Zum Offenen Brief der Kassenärztlichen Vereinigung Schleswig-Holstein (KV SH) an Bundesgesundheitsminister Karl Lauterbach gegen die geplante Abschaffung der Neupatientenregelung äußerte sich heute Prof. Dr. Henrik Herrmann, Präsident der Ärztekammer Schleswig-Holstein:

"Die Ärztekammer Schleswig-Holstein unterstützt den Offenen Brief der Kassenärztlichen Vereinigung Schleswig-Holstein an Bundesgesundheitsminister Karl Lauterbach gegen die geplante Abschaffung der Neupatientenregelung.

Die geplante Streichung wird die Gesundheitsversorgung der Patientinnen und Patienten verschlechtern. Wartezeiten für Neupatientinnen und Neupatienten werden sich wieder deutlich erhöhen und es werden weniger Sprechzeiten zur Verfügung stehen.
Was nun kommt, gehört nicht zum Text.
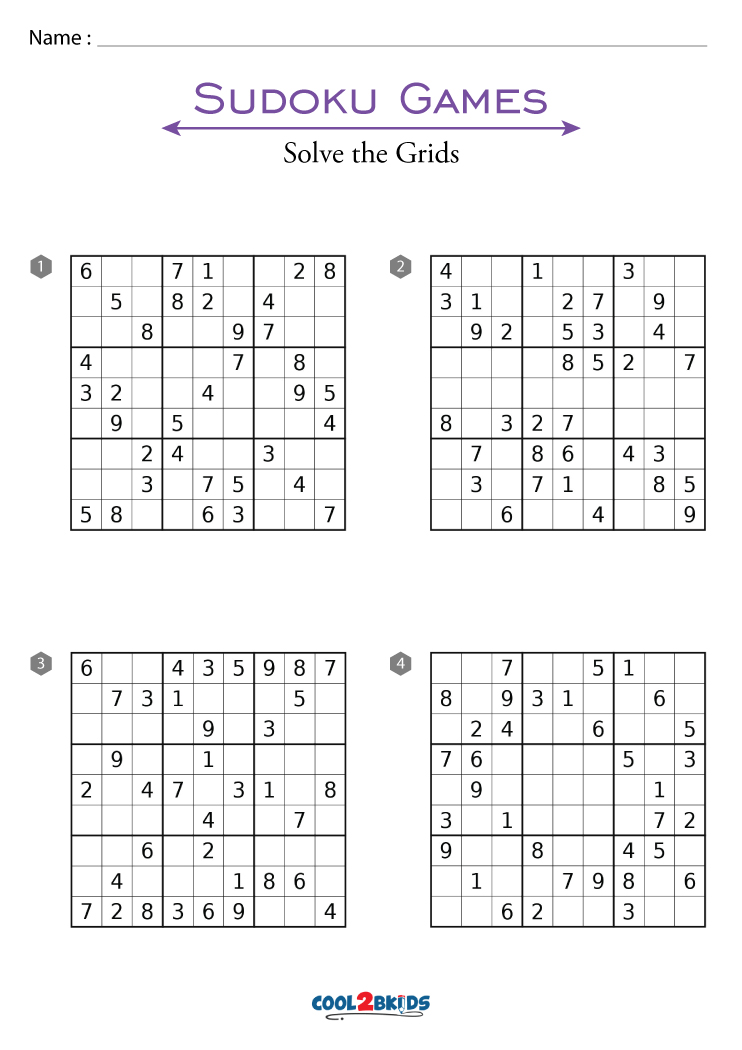 Free Printable Easy Sudoku Puzzles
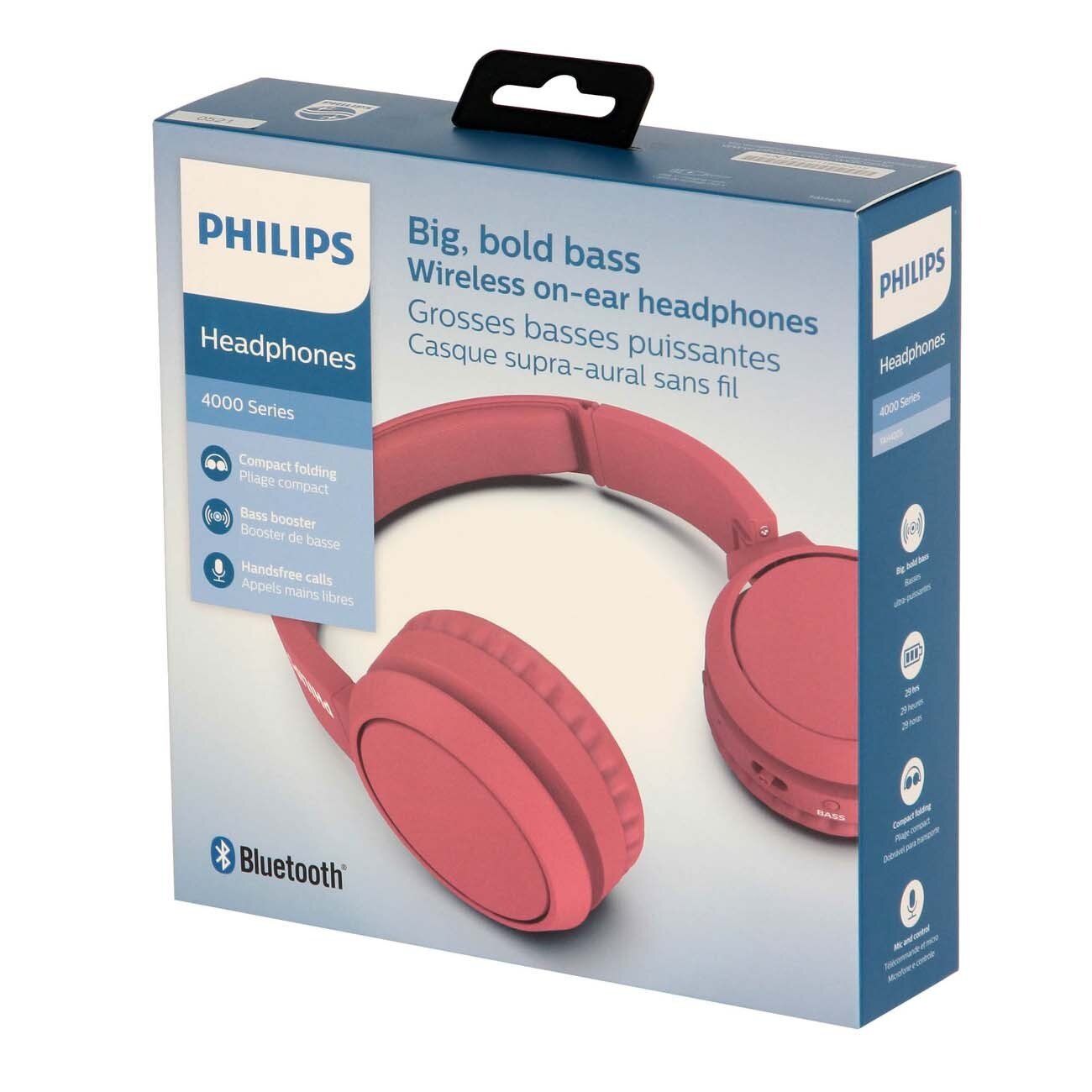 Гарнитуры Philips Bluetooth наушники с микрофоном Philips TAH4205RD, беспроводная полноразмерная гарнитура, красная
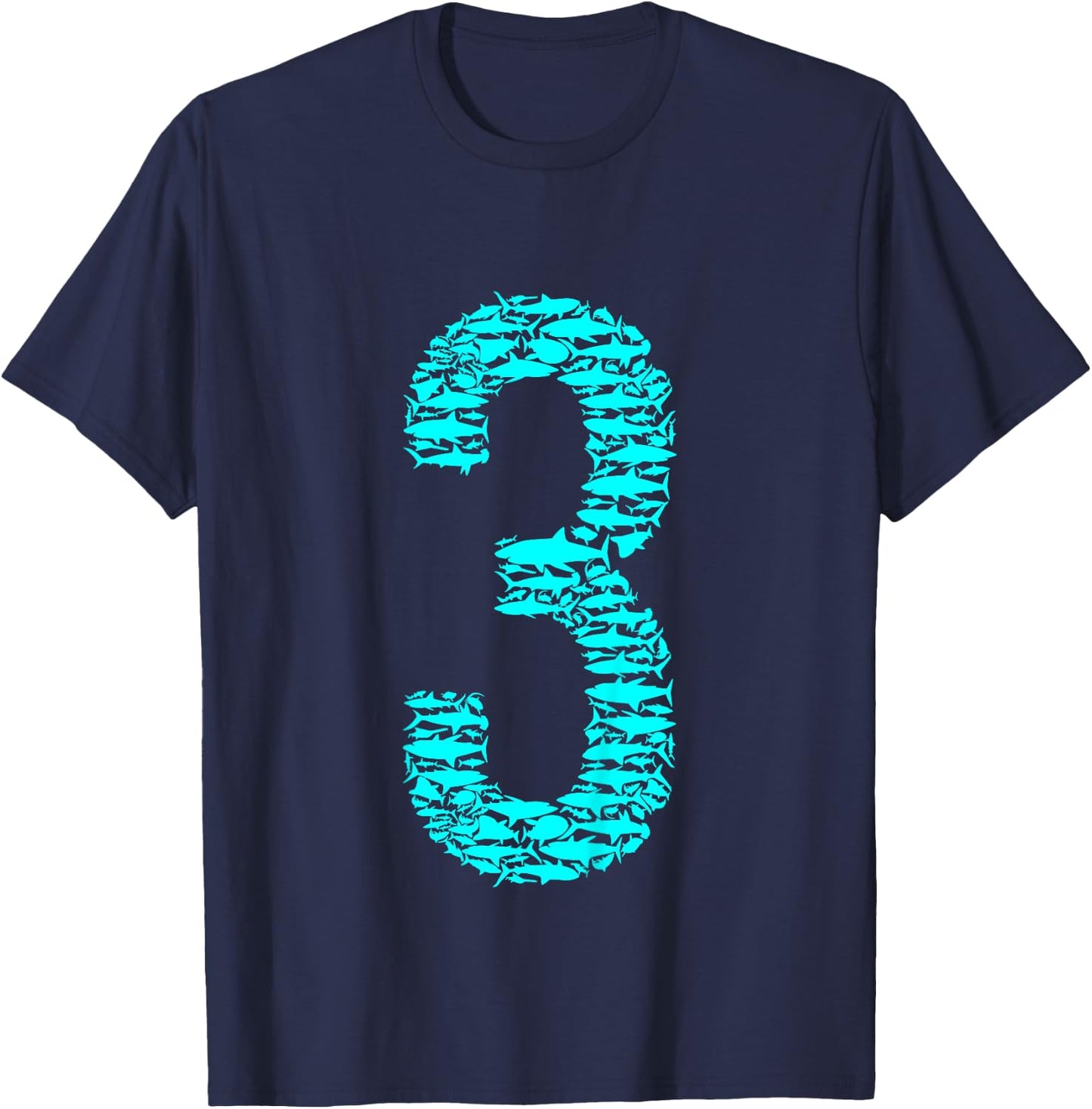 Shark 3rd Birthday For 3 Year Old Girls and Boys T-Shirt - T-Shirt | Navy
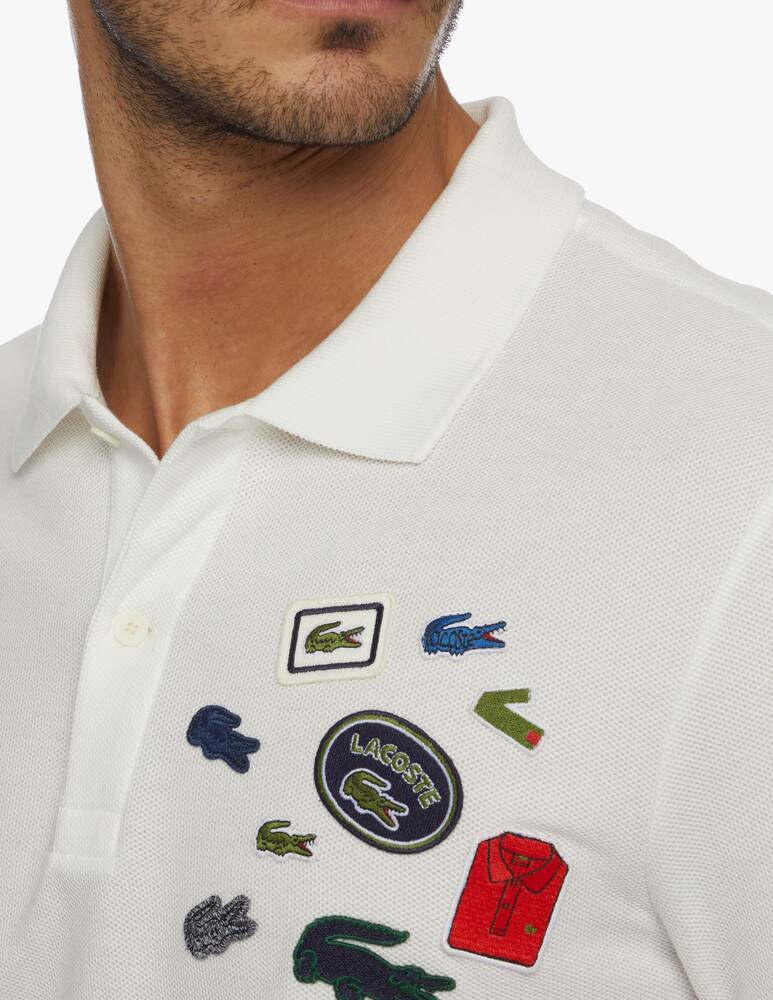 rinascente Lacoste Long sleeved polo shirt with logo path 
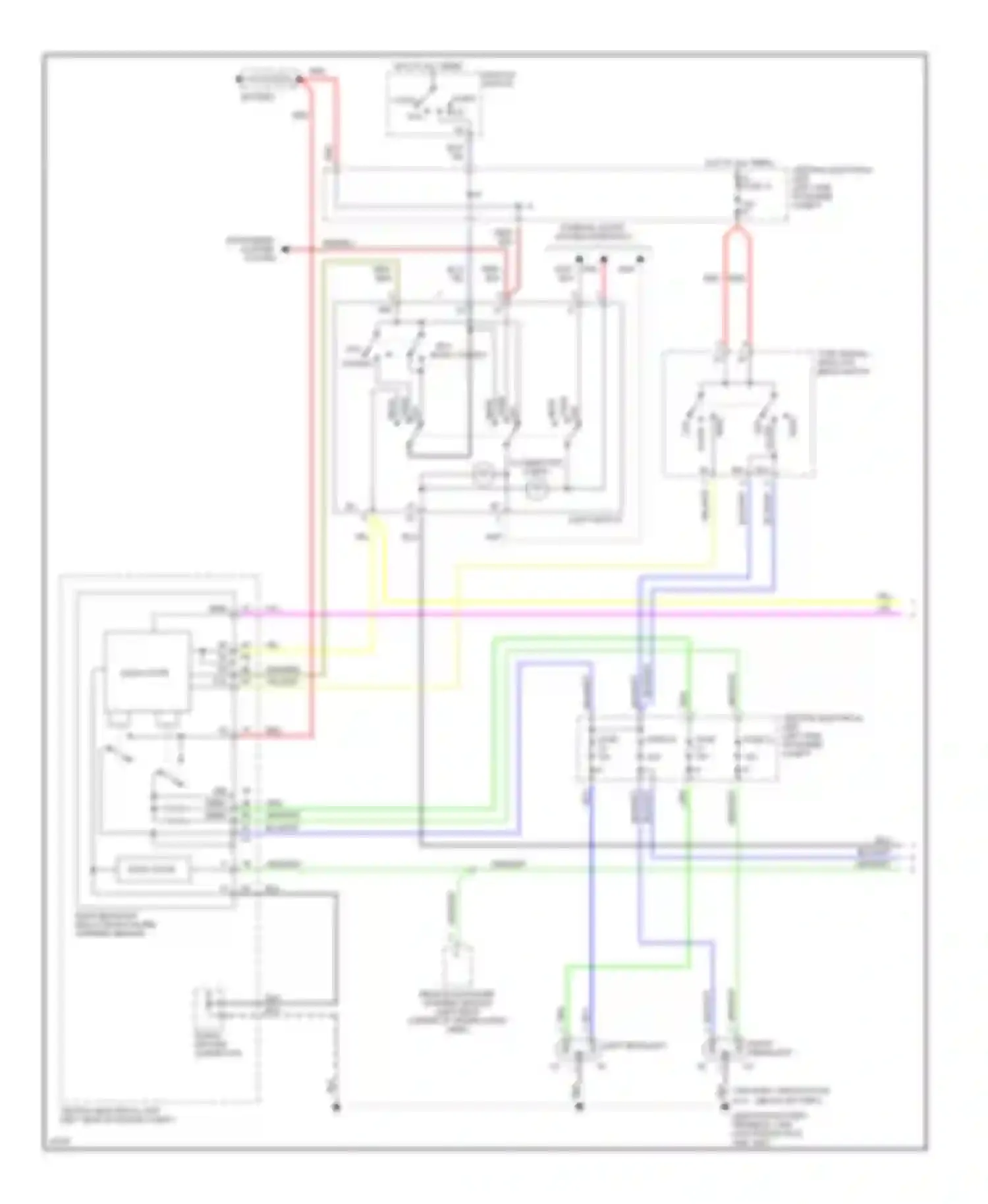 Wiring diagram main headlight relay/ bulb failure warning sensor for Volvo 850 I (1991-1997) (1 of 3)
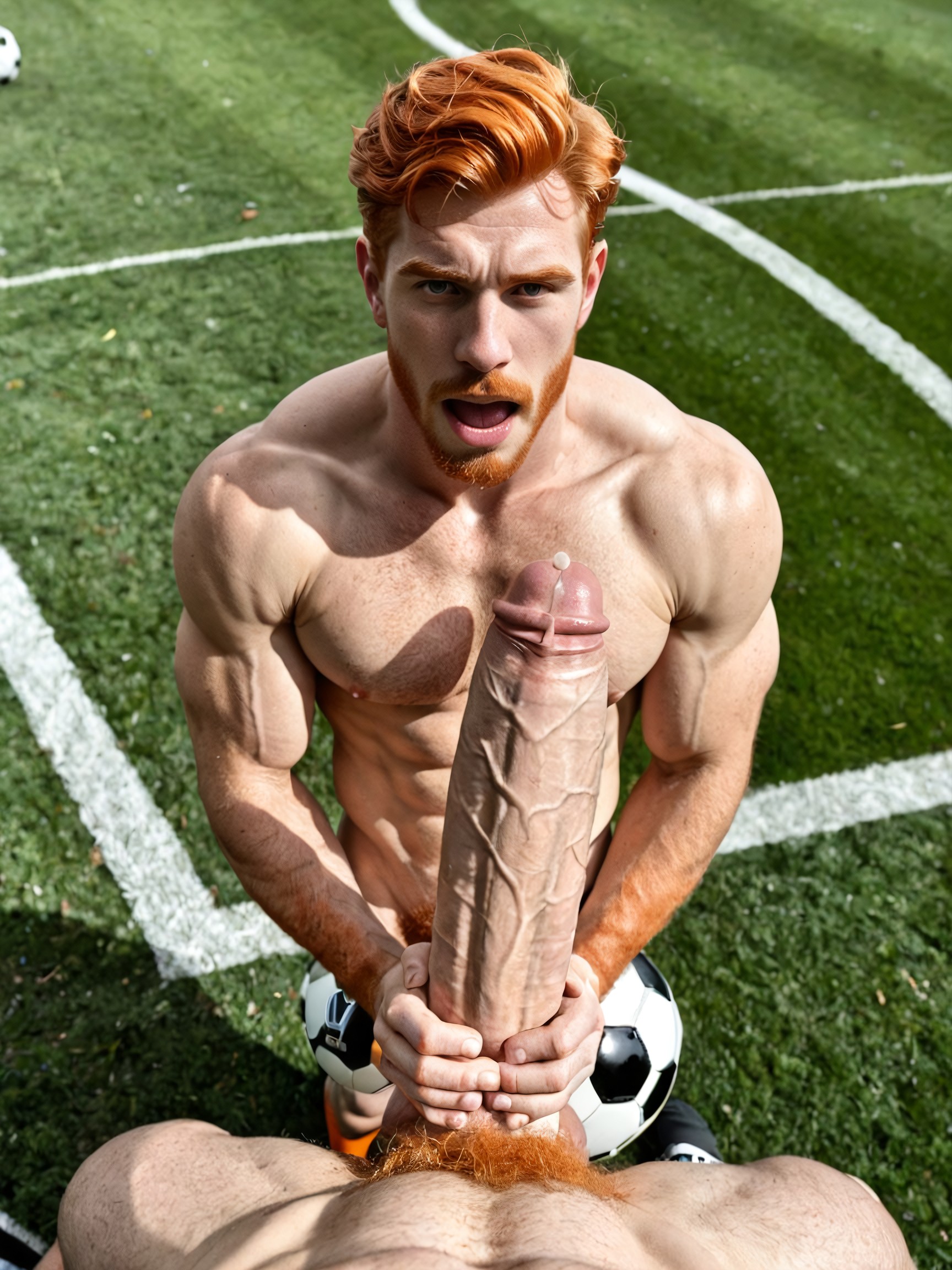 Fondling Giant Balls, Perfect Realistic Smooth Foreskin, View From High Above AI Gay Porn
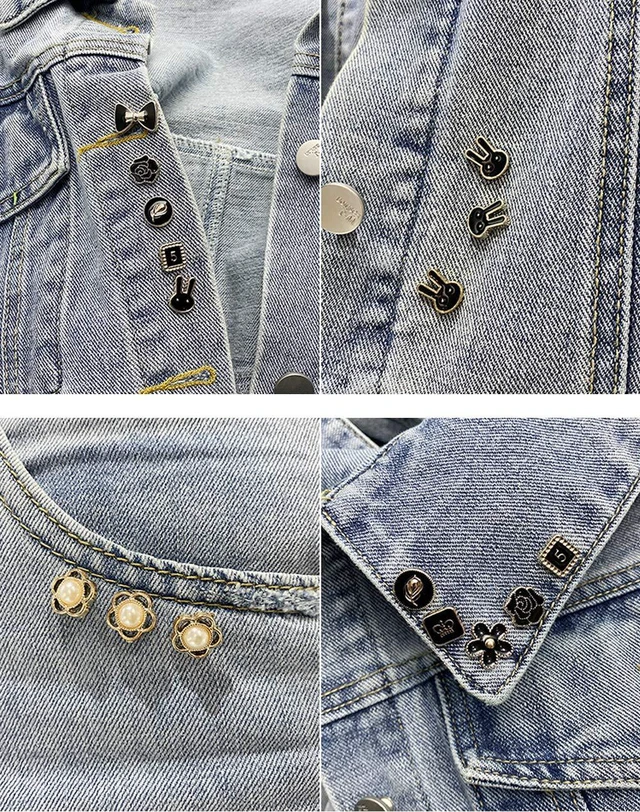 Alt view image 5 of 7 - Women Shirt Brooch Pins 20Pcs Mini Cover Up Enamel Safety Lapel Pins Buttons Sweater Shawl Clips for Coat Dress Clothes Decoration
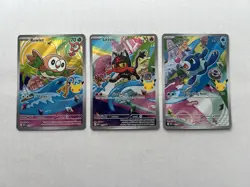 Pokemon First Partner Illustration Series 1 Alolan Alola Starters Promo Set NM - Image 1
Gerade vor den Hintergrund des drohenden Ärztemangels ist es wichtig Anreize zu schaffen, neue Patienten zu versorgen und extra budgetierte Mittel dafür zur Verfügung zu stellen. Die Neupatientenregelung ist ein erster Schritt zur Entbudgetierung, dieser wichtige Schritt darf auf keinen Fall zurückgenommen werden. Die Praxen, die aufgrund der Entbudgetierung bereits investiert haben, werden in finanzielle Schwierigkeiten geraten. Die Folge ist weiteres Praxissterben mit fatalen Folgen für die Patientenversorgung.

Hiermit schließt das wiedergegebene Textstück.